**Work item**
Exactly as written, print out each entry in the data, with no pictures.

Items from a dataset
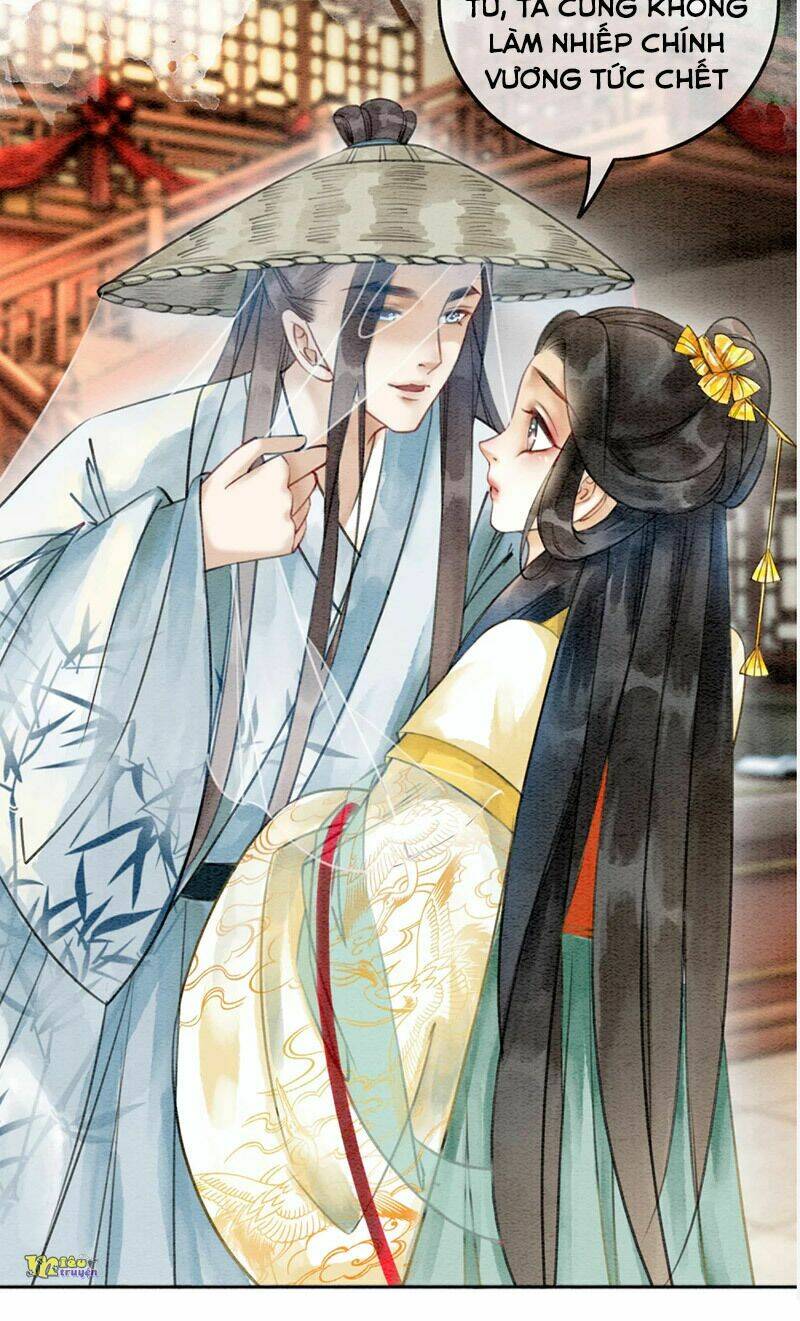Hậu Cung Của Trẫm Cháy Rồi!: Chapter 76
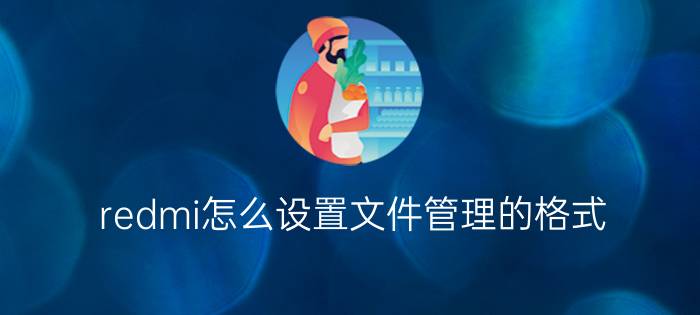 redmi怎么设置文件管理的格式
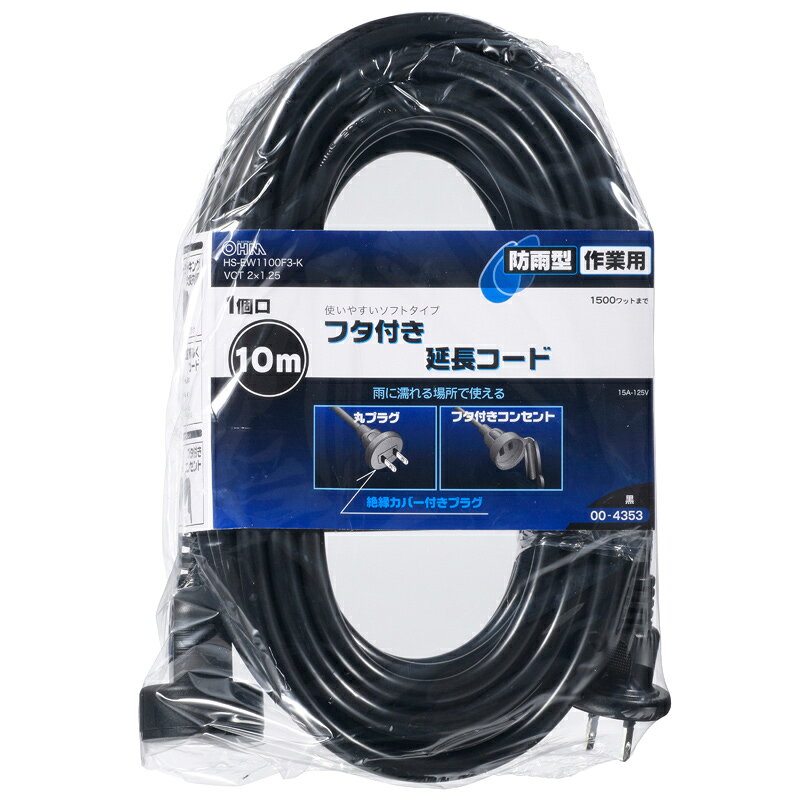 オーム電機（OHM）　防雨型 フタ付作業用延長コード 10m HS-EW1100F3-K 　【品番：...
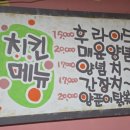 준호프치킨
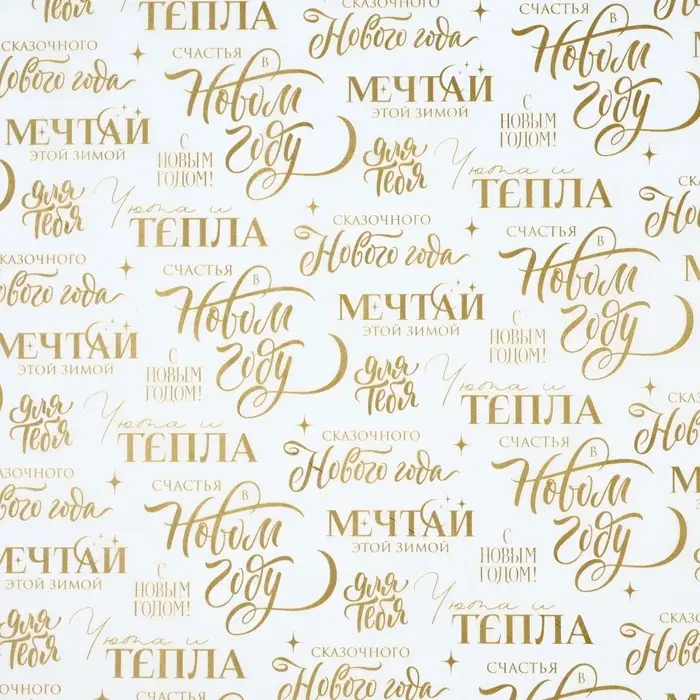 Бумага упаковочная тишью «Мечтай», 50 х 70 см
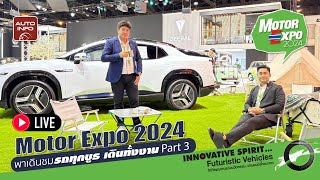 เดินทั่วงาน Motor Expo 2024 เดินชมรถยนต์ทุกบูธ เดินทั้งงาน Part 3 [upl. by Siram]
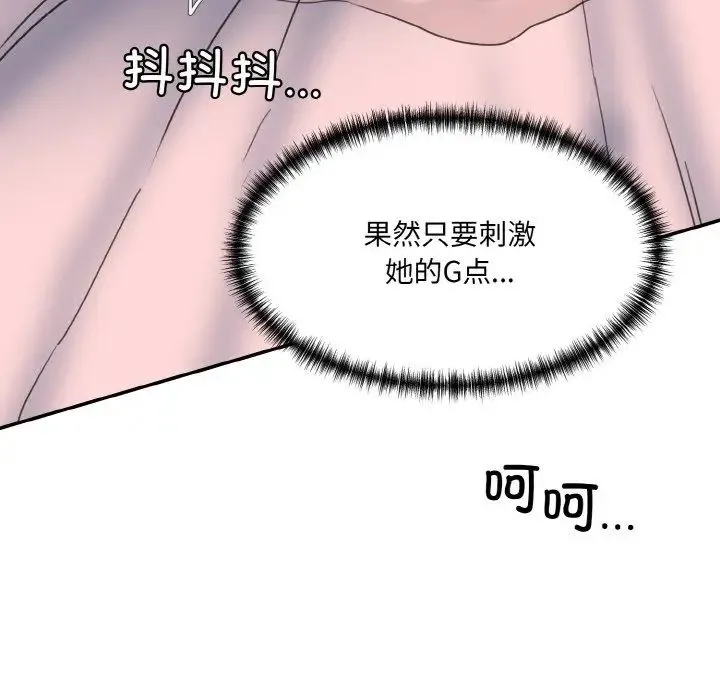 情迷研究室 - 第17話 - page 21
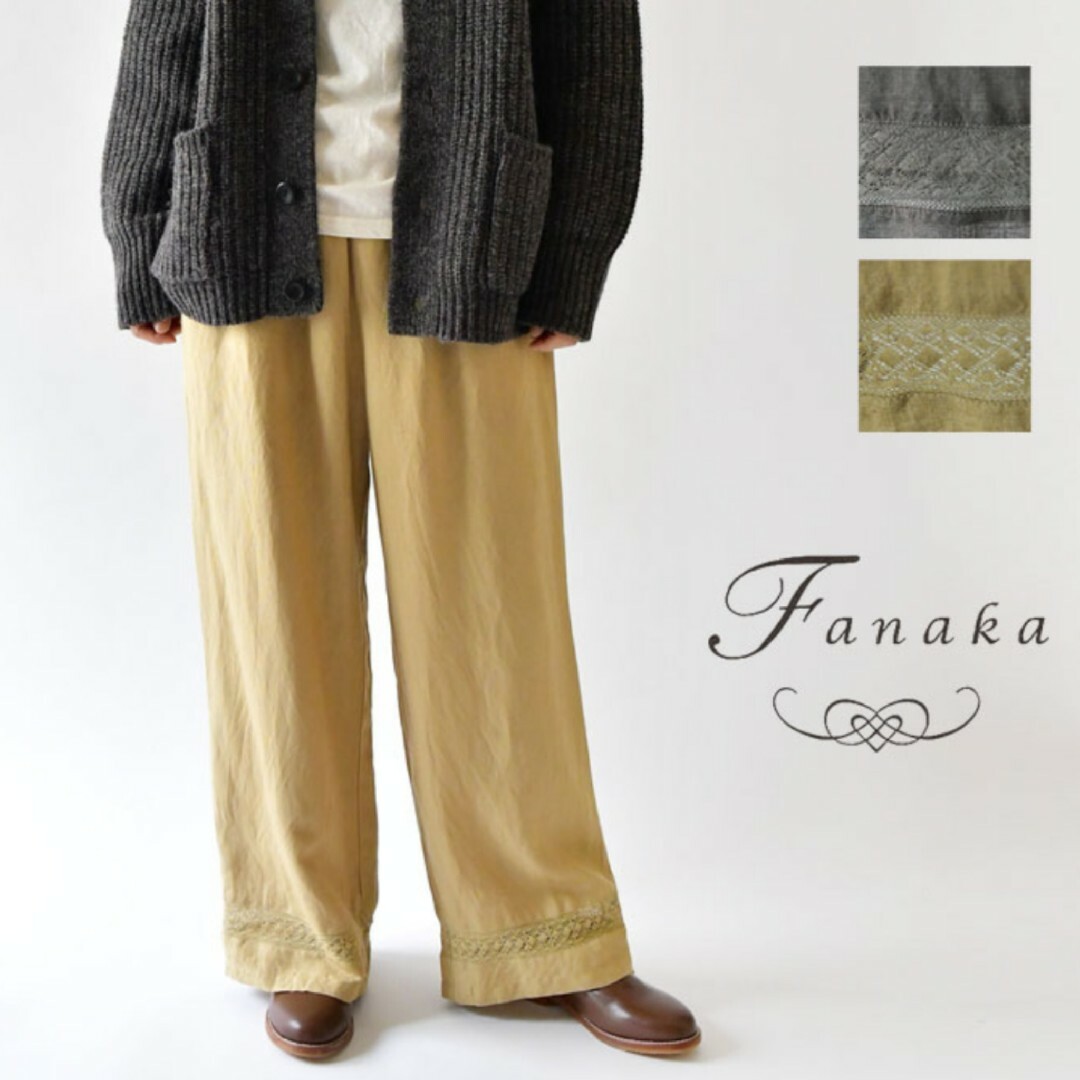 Fanaka(ファナカ)のファナカ  裾レースパンツ  レーヨン麻  ベージュ レディースのパンツ(カジュアルパンツ)の商品写真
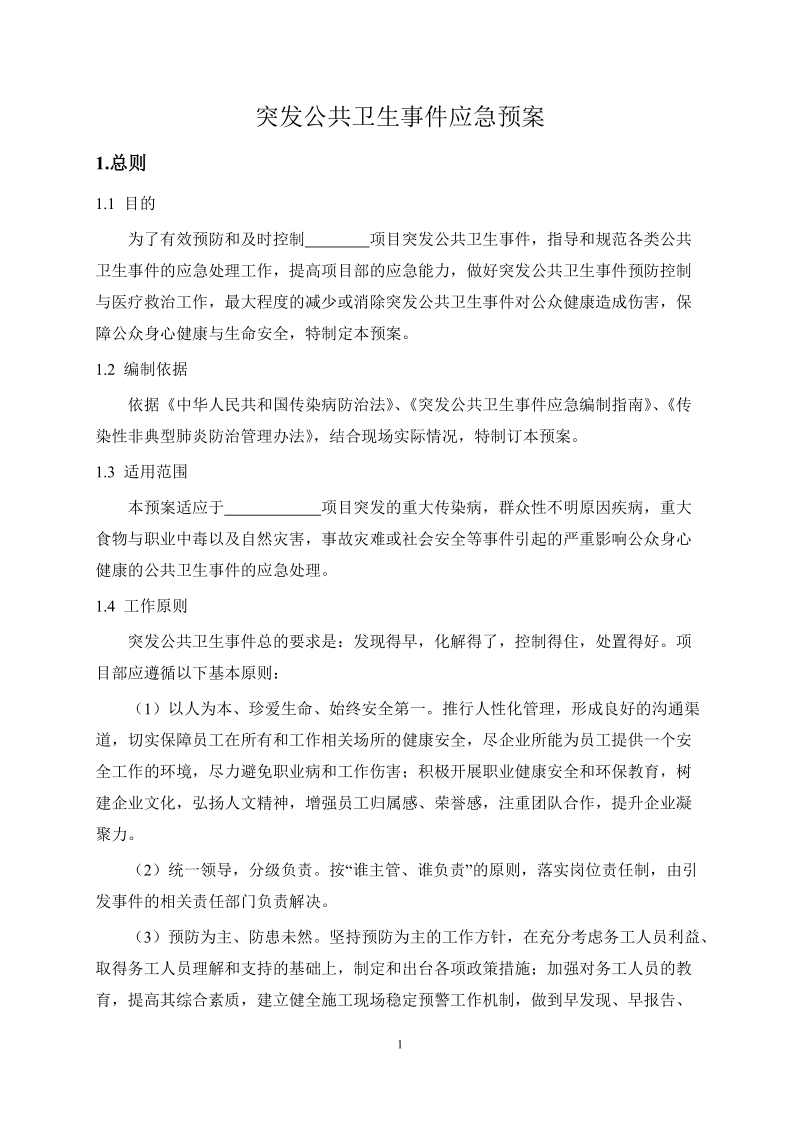 1 突发公共卫生事 件应急预案.doc_第3页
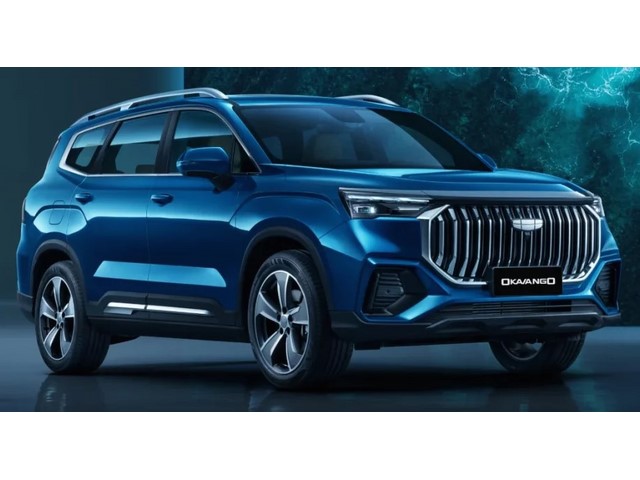 Libro Azul Geely Okavango 2024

**Answer for this exercise**
Hậu Cung Của Trẫm Cháy Rồi!: Chapter 76
 redmi怎么设置文件管理的格式
 オーム電機（OHM）　防雨型 フタ付作業用延長コード 10m HS-EW1100F3-K 　【品番：...
 준호프치킨
 Бумага упаковочная тишью «Мечтай», 50 х 70 см
 เดินทั่วงาน Motor Expo 2024 เดินชมรถยนต์ทุกบูธ เดินทั้งงาน Part 3 [upl. by Siram]
 情迷研究室 - 第17話 - page 21
 Fanaka(ファナカ)のファナカ  裾レースパンツ  レーヨン麻  ベージュ レディースのパンツ(カジュアルパンツ)の商品写真
 1 突发公共卫生事 件应急预案.doc_第3页
 Libro Azul Geely Okavango 2024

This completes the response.